#### INPUT DATA

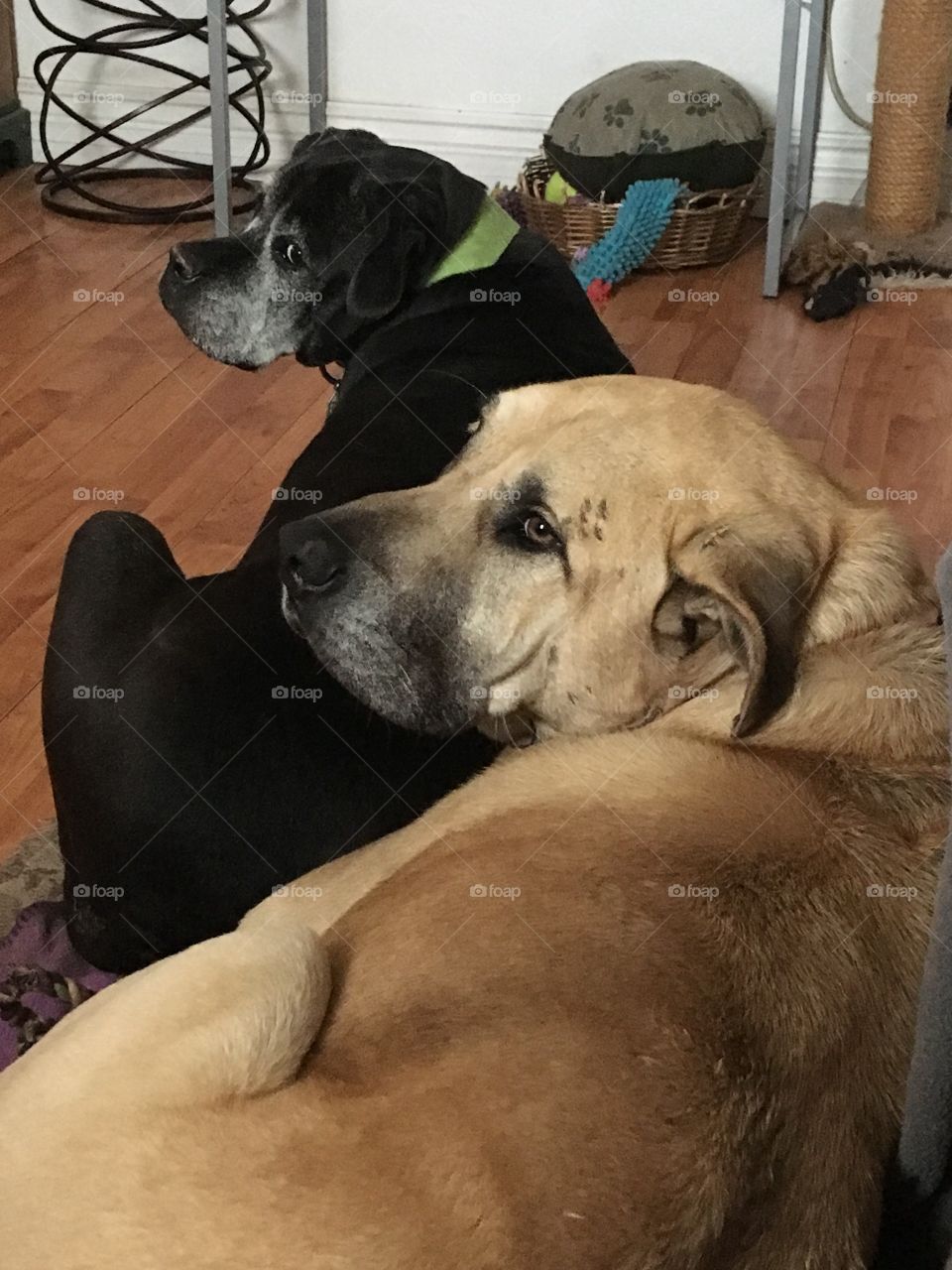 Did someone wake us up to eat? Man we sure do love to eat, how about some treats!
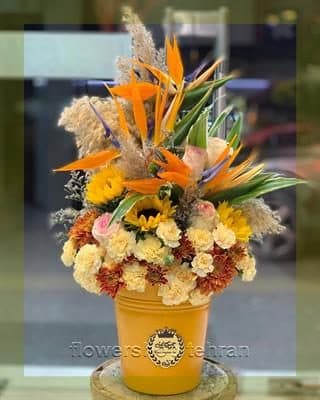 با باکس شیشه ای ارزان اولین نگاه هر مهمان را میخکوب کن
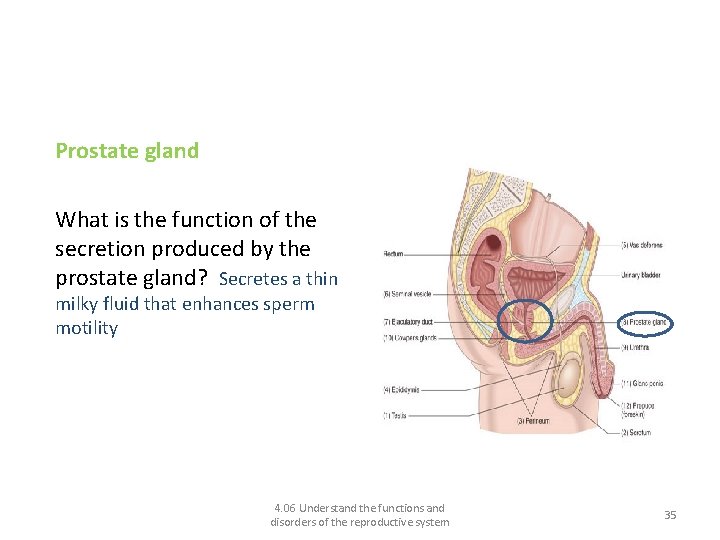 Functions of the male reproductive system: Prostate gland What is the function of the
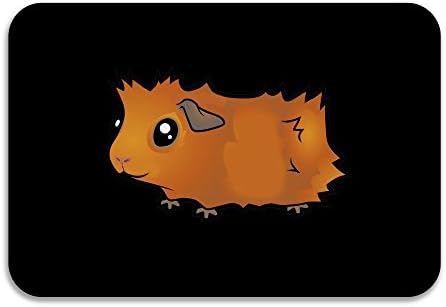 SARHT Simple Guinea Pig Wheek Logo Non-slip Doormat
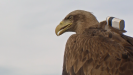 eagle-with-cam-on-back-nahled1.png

########

• **ASSIGNMENT**:
Beginning with the line that includes "SARHT Simple Guinea" and ending with the last line of the material, reproduce those lines exactly and nothing else, with no pictures.

• **ANSWER TO THIS TASK**:
 SARHT Simple Guinea Pig Wheek Logo Non-slip Doormat
 eagle-with-cam-on-back-nahled1.png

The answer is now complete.